Kurds, who are estimated to comprise 20 percent of Turkey’s 78 million population, have the numbers to swing elections. But instead of rallying behind their pro-Kurdish parties, many voters continue to back the ruling Justice and Democratic Party (AKP), scattering the Kurdish vote.

Huseyin Seyhanlioglu, associate professor at Diyarbakir’s Dicle University, estimates that up to 40 percent of Kurdish voters traditionally cast their ballots for the AKP, the very institution that the pro-Kurdish People’s Democratic Party (HDP) and other like parties are fighting for greater rights.

He says that some Kurdish voters continue to be lured by the AKP’s conservative Islamic values.

”AKP focuses on religion, and in Islam Turks and Kurds are equal,” Seyhanlioglu says, explaining the thinking of some voters.

The AKP’s Islamic face appeals to Kurds like Cetin, who works at a clothing store in Diyarbakir, Turkey’s Kurdish capital. She describes herself as a devout Muslim who, like her three sisters, observes the hijab.

Cetin says that, thanks to the AKP and its former leader, Recep Tayyip Erdogan who is now Turkey’s president, she is looking to attend university after summer to study philosophy – a chance denied to an elder sister who could not gain entrance because of laws banning Islamic headscarves in universities.

“Since it was forbidden to enter university with hijab, my sister could not study," Leyla says.

The majority of Kurds in Turkey are Muslims, and many are conservative. When Turkey was founded by Mustafa Kemal Ataturk in 1923 a religious rule was replaced by a secular system. Under it, women were banned from wearing headscarves or other forms of hijab in public, and the mosque calls to prayer were forbidden.

Following its rise to power in 2002, the AKP fought the ban, and in 2008 an amendment allowed women to wear headscarves at universities.

"Thanks to the AKP and President Erdogan, I can both study and wear the veil," Leyla beams.

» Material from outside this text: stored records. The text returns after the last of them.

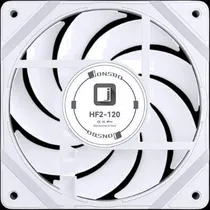 Cooler Fan ...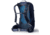 Gregory 30 Liters Citro Daypack, Volt Blue, One Size, 126895-9968
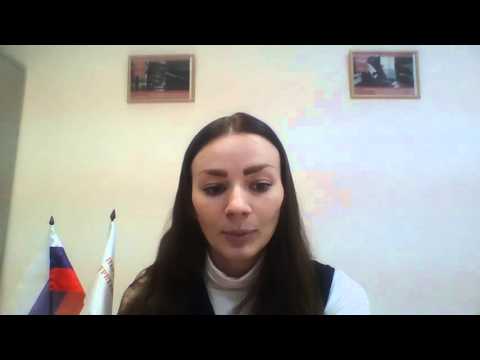 Как правильно составить исковое заявление Как правильно составить исковое заявление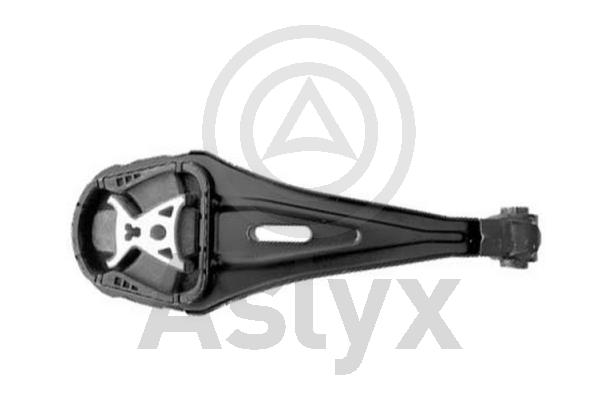 AS-506569
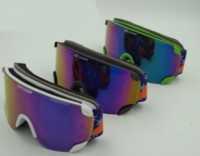 Горнолыжные очки Wels LY48 купить в Воронеже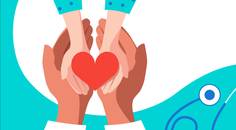 ReachMD Healthcare Image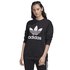 adidas Originals Trefoil Crew Αθλητική μπλούζα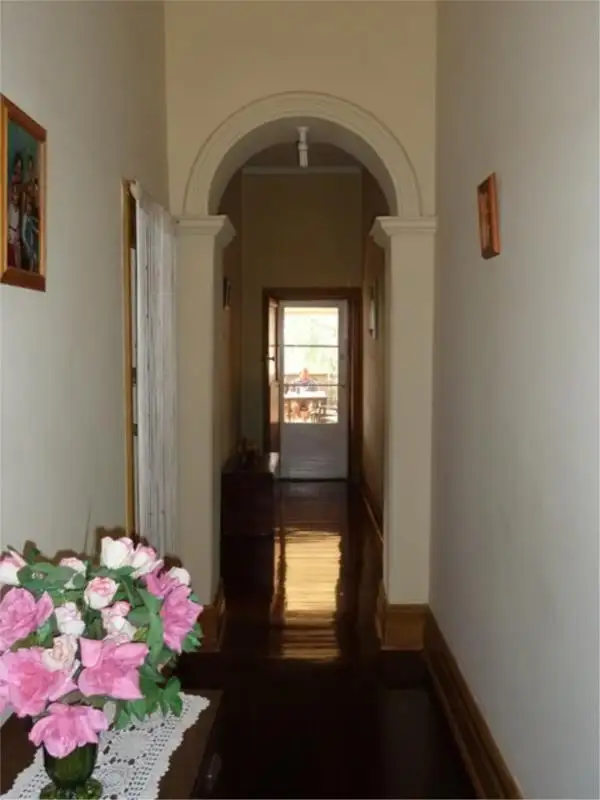 Second view of Homely house listing, 546 Perroomba Road, Booleroo Centre SA 5482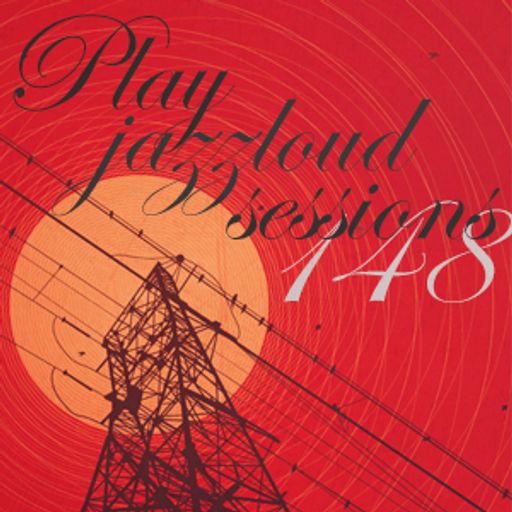 PJL sessions #148 [jazz 'n soul vibes]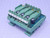 PHOENIX CONTACT UMK-4 OM/MF TERMINAL CONTACT UNIT T129560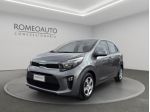 KIA Picanto 1.0 dpi 5 porte Urban rif. 23395391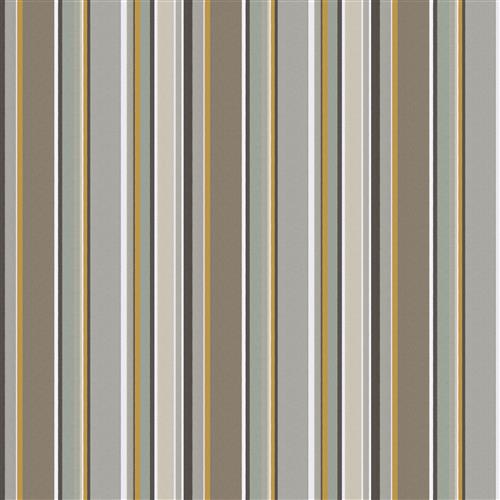 Boardwalk Od (Fc) - Bella Dura - Driftwood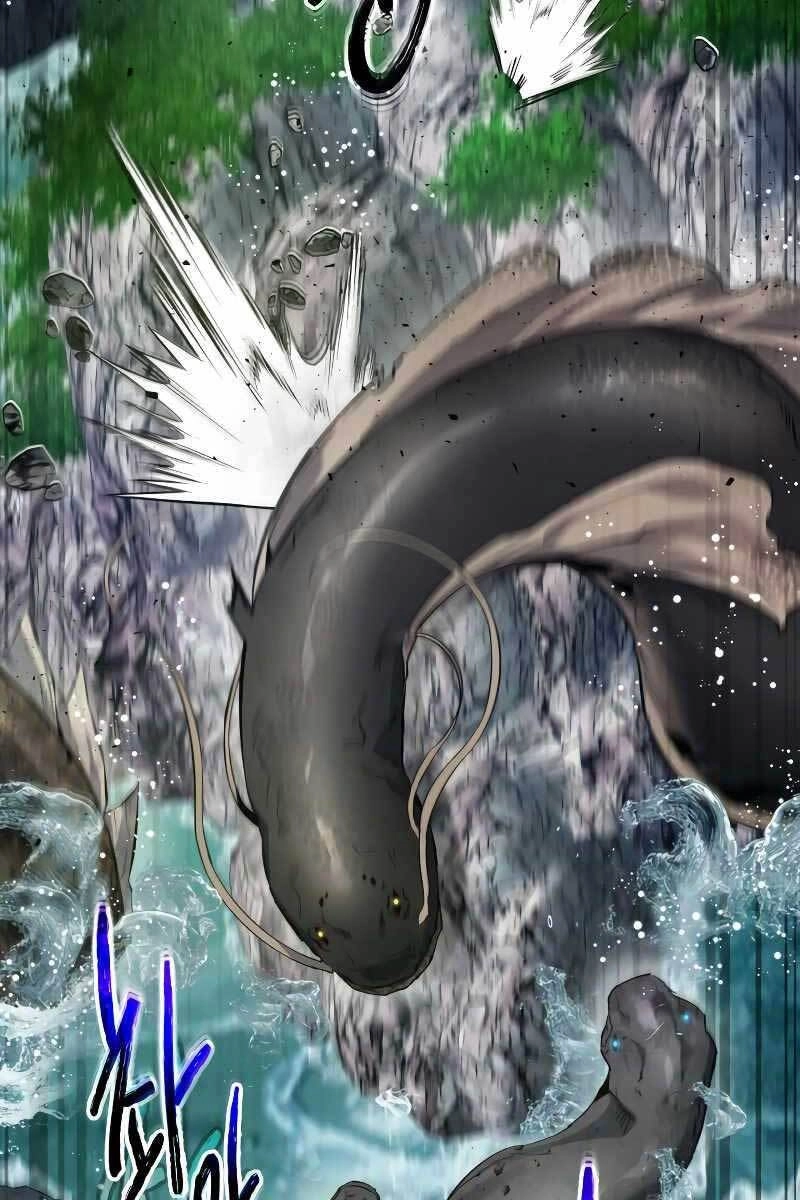 Thăng Cấp Cùng Thần Chapter 67 - 22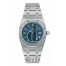Replica Audemars Piguet Royal Oak Automatic 3 Hands Date Men's Watch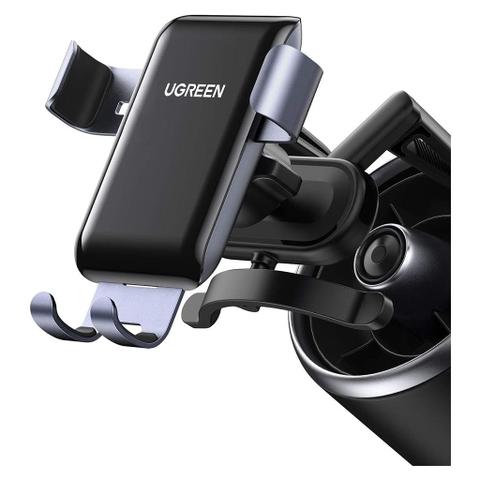 Ugreen 30401 Gravity Car Air Vent Mount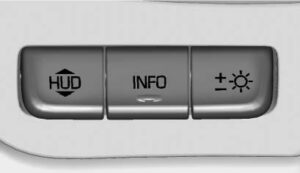 2023 GMC Sierra LD 1500 Information Displays (2)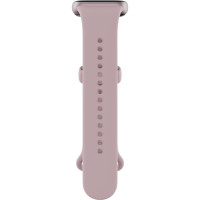Фiтнес-браслет Xiaomi Smart Band 10 Pro Lavender Pink (BHR08WGGL)
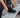 S3 werkschoenen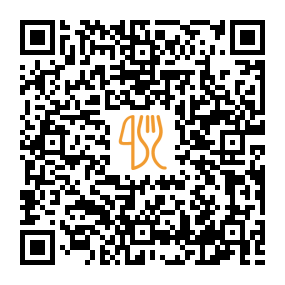 QR-kód az étlaphoz: Pizzeria Rajput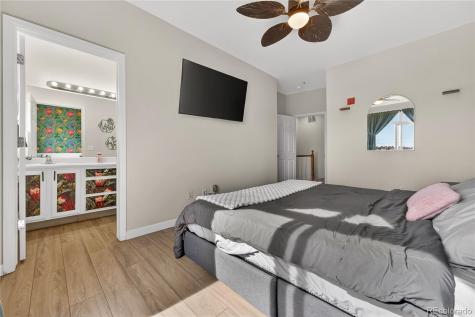 18726 E Yale Circle Aurora CO 80013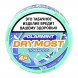 Табак жевательный DryMost - PolarMint (12 грамм) купить в Екатеринбурге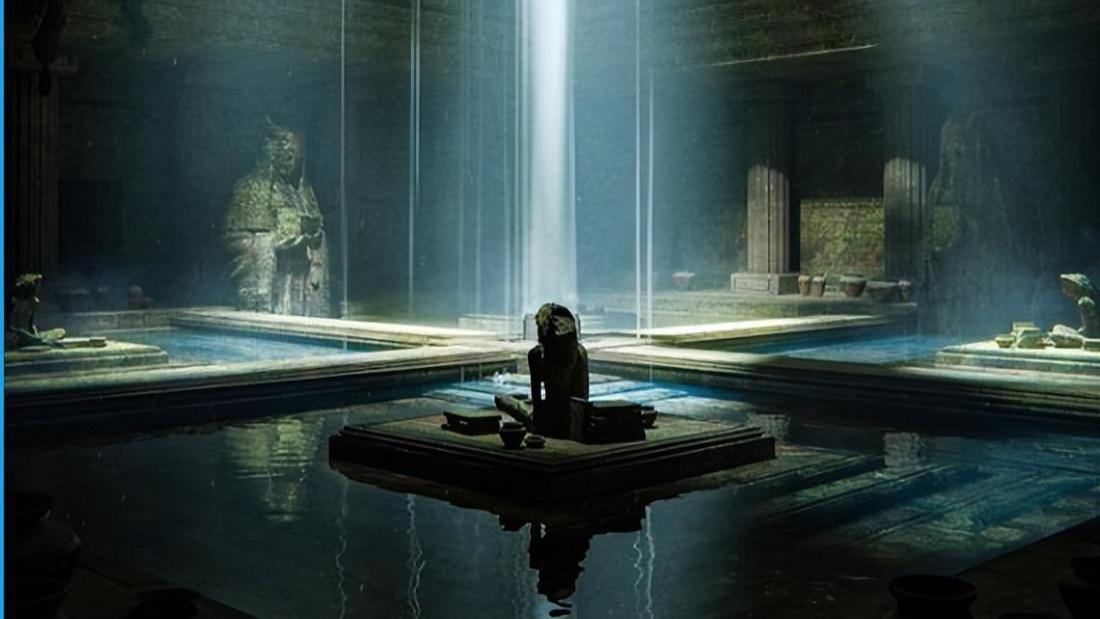 |2023届大四毕业生如何避免盲目求职？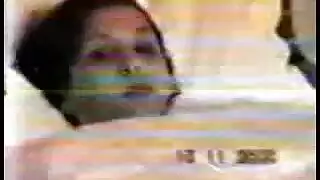 عاهرة هاوية من الأردن تمتلك في مشهد صريح إكس إكس إكس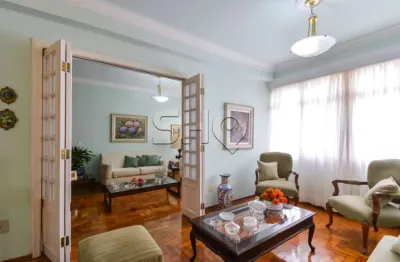 Apartamento com 2 quartos à venda na rua basílio da cunha, 889, vila deodoro, são paulo, 85 m2 por r$ 849.000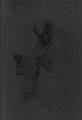 Bonnard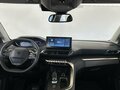 2023 Peugeot 4008 II Рестайлинг, чёрный, 2999000 рублей - вид 4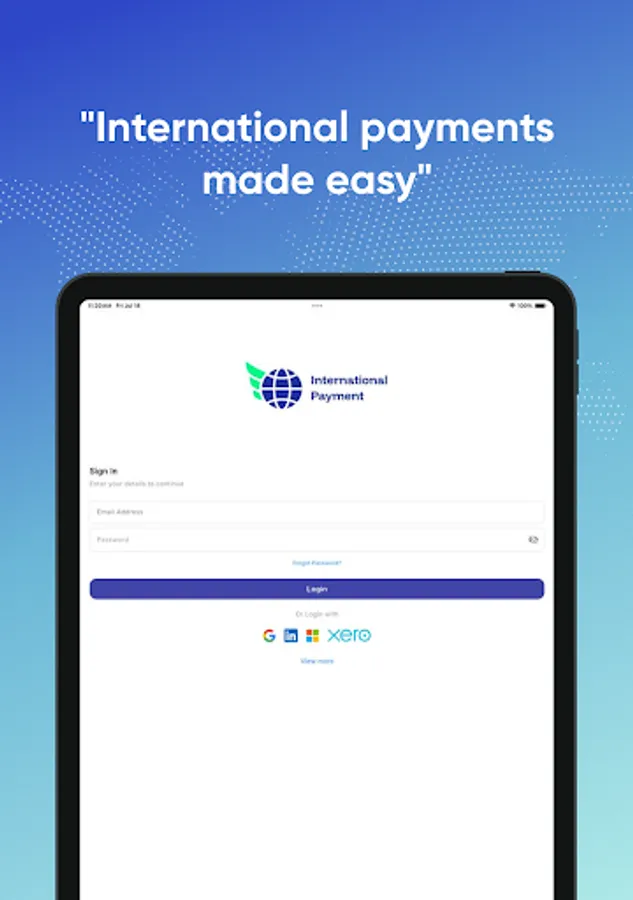 Screenshot 6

While many Kurds still widely complain of insufficient reforms on the Kurdish issue by successive AKP governments, they still credit the party with pushing through some legislative changes.

They include the opening of a Kurdish TV channel in 2009. And in 2013, Erdogan announced a ”democracy package” which, among other things, gave the Kurds the right to Kurdish education at private schools.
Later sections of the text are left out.